Changes to trespassing legislation will be enforceable starting on the first day of the New Year. The changes to the Trespass to Property Act are meant to clarify existing laws in favour of property owners.
Being on private property without permission of the landowner is an illegal act unless an official duty is being carried out. Even then, the law does not allow for someone such as a postal worker to do anything other than drop off their mail or package before immediately leaving.
However, trespassing in Saskatchewan was slightly murky in the area of recreational purposes. Hunting, fishing, ATV riding, etc. are a major part of Saskatchewan’s rural culture, and straying onto private land during these activities has previously been seen as a mild offence best dealt with through warnings.
A landowner suing a trespasser was required to prove that the trespasser entered without permission.
"This government has worked hard to balance the rights of landowners in rural Saskatchewan with those of recreational land users," Justice Minister and Attorney General Gordon Wyant said. "I'm pleased to see the legislation come into force and I want to thank everyone who has worked and consulted with us in its development."

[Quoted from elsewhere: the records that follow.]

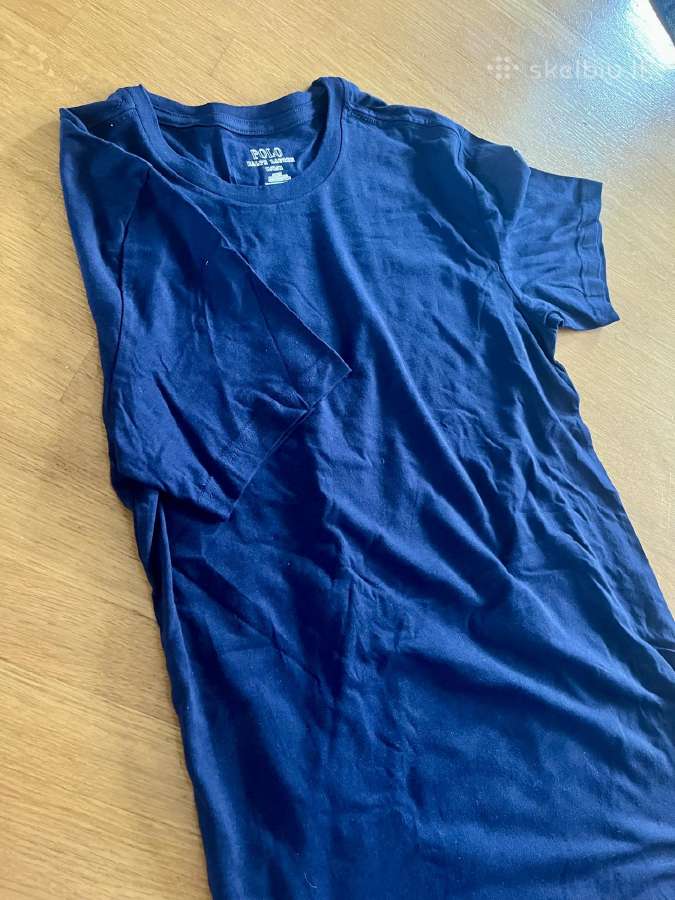 Nauji Ralph Lauren Marškinėliai - nuotraukos Nr. 3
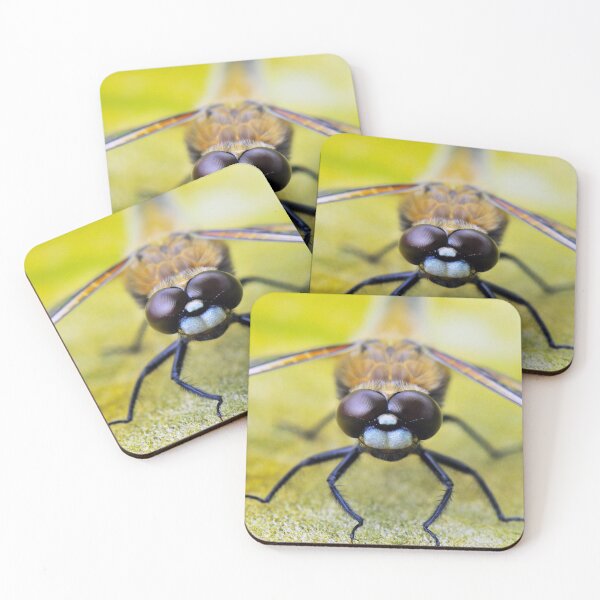 Item preview, Yellow Dragonfly  designed and sold by MUZA9.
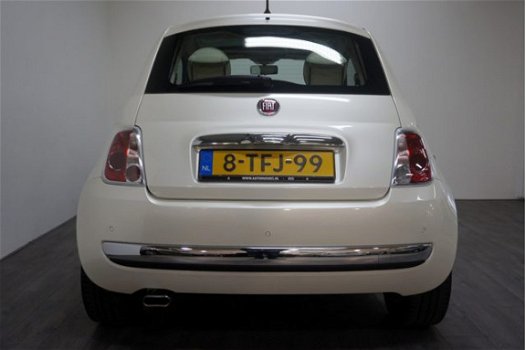 Fiat 500 - 0.9 TWINAIR LOUNGE Navigatie, 16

The legislation clarifies existing laws and introduces greater consistency in the rules regarding trespassing, regardless of intent or activity. Importantly, it shifts the responsibility from rural landowners onto individuals seeking to access their property.

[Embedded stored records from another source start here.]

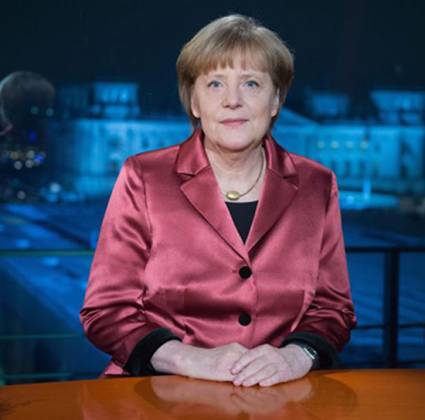 Angela Merkel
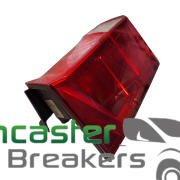 VW CRAFTER 2019 2.0 N/S PASSENGER REAR LIGHT 21101584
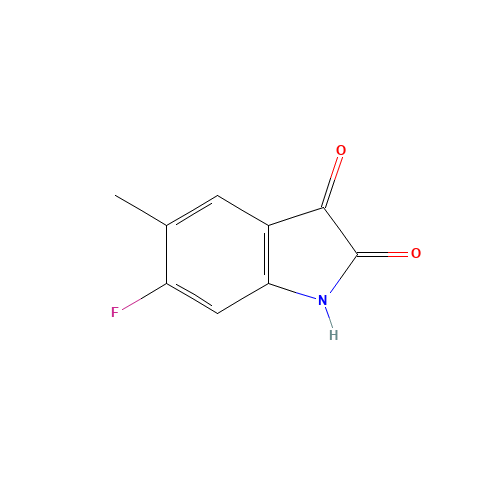 6-Fluoro-5-Methyl Isatin (CAS: 749240-55-9) - Related Chemical Product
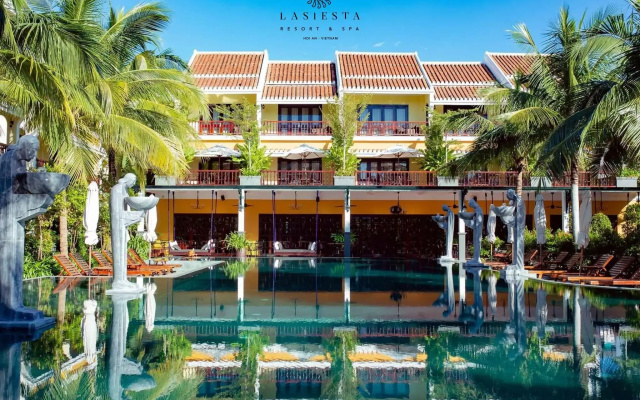 La Siesta Hoi An Resort & Spa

Saskatchewanians are typically courteous users of the land who seek permission to access rural property for recreational purposes. This is the recommended best practice now formalized in legislation.
Under the new legislation, those wanting to access a rural landowner's property for recreational purposes will need to gain explicit consent from the owner. Consent can be provided in writing, electronically, orally, or through signage.

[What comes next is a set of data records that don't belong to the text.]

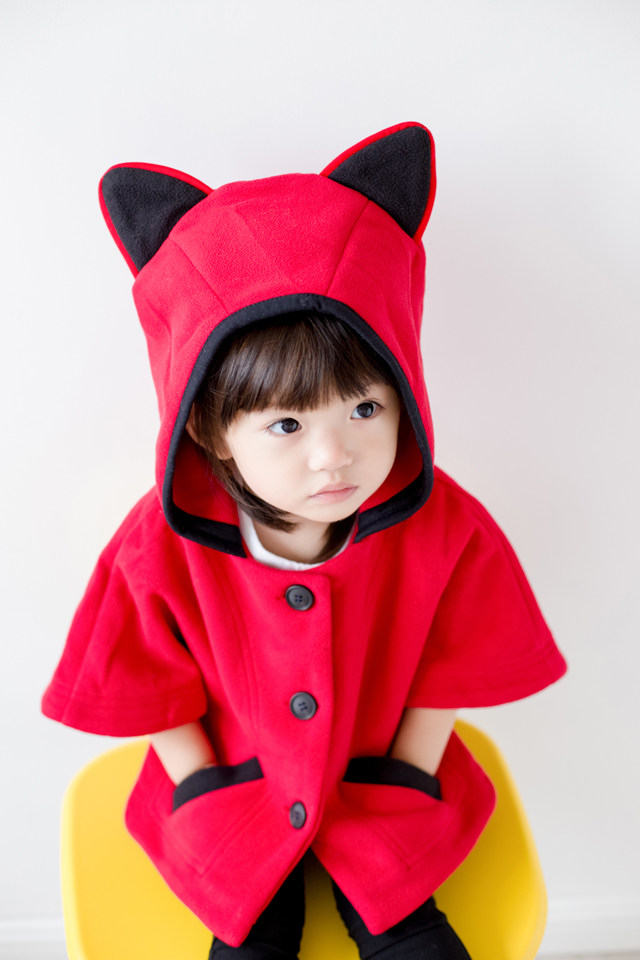 Cape pour fille - Ref 2155113 Image 14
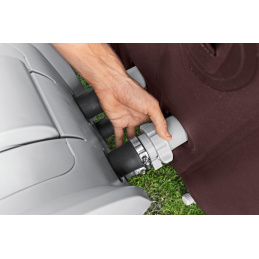 Lay-Z-Spa Maledivy SMART HydroJet PRO Jacuzzi BESTWAY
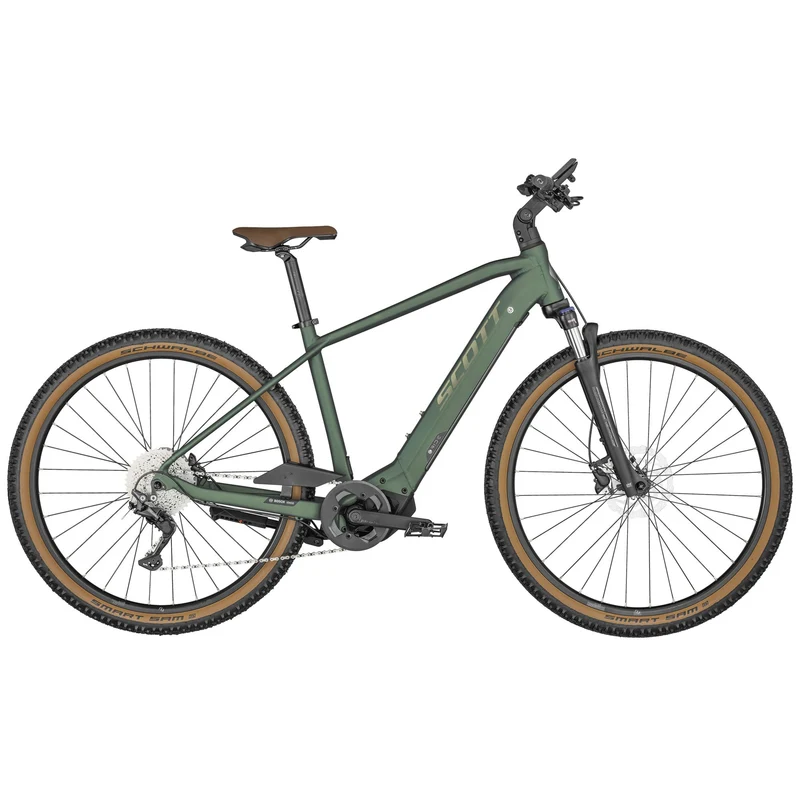 Scott Sub Cross eRIDE 10 Men - Verde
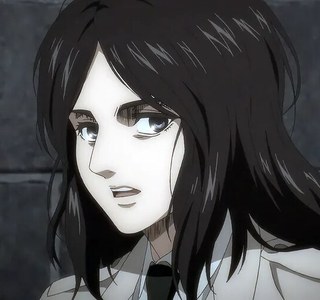 진격거)어느 한 마레 제국 여군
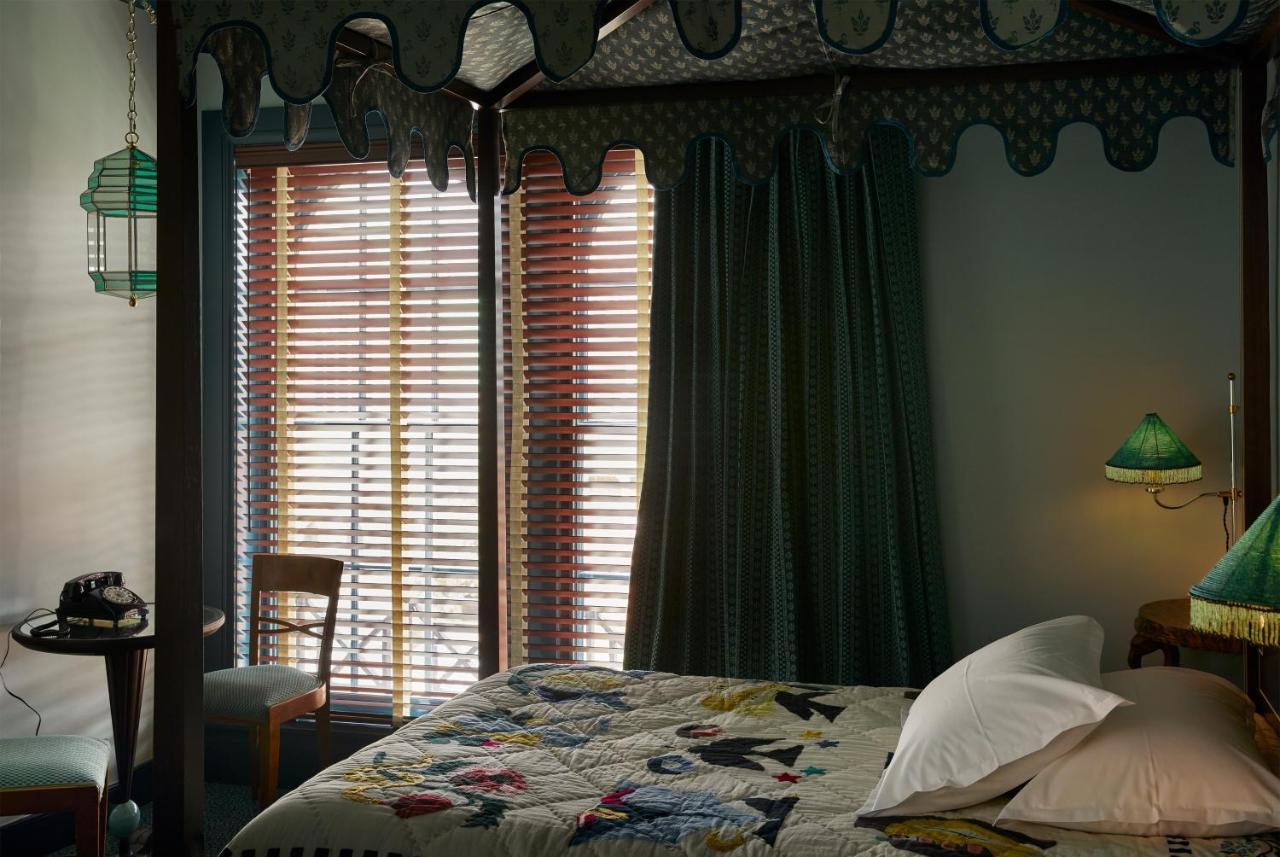 Ulysses, An Ash Hotel บัลติมอร์ ภายนอก รูปภาพ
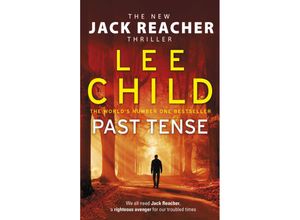 9780593078204 - Past Tense - Lee Child Kartoniert (TB)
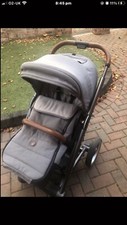 Mutsy Travel System Pram And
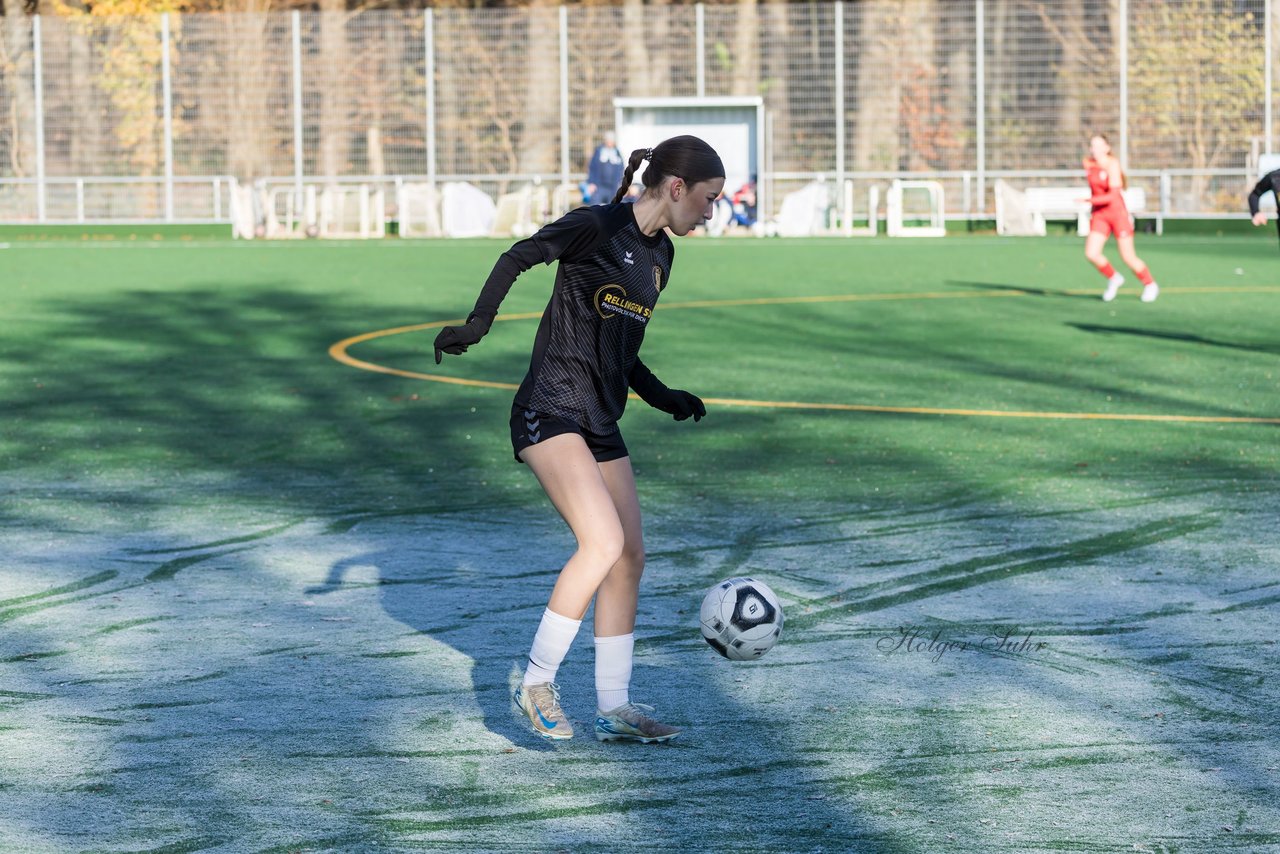 Bild 66 - wBJ VfL Pinneberg2 - Eimsbuttler TV 3 : Ergebnis: 5:0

Concerns expressed by rural landowners about individuals who trespass on their property often relate to repeat offenders who ignore posted warnings and/or commit property damage.
The legislation provides legal protection to landowners and occupiers against property damage and the risk of agricultural diseases, and limits any liability that may arise from a trespasser's presence on their property. Instead of having to prove trespassers entered without permission, trespassers in a civil case will now have to justify their intrusion.
The new legislation increases the maximum penalty set out in the Act to $25,000 for repeat offenders trespassing on the same property and adds imprisonment up to six months as an available penalty. It will also introduce a $200,000 maximum penalty for a corporation that is complicit in a trespassing offence.
Police and provincial enforcement officers will continue to be responsible for laying criminal charges. Anyone who believes a trespass is taking place on their property is urged to contact their local police service.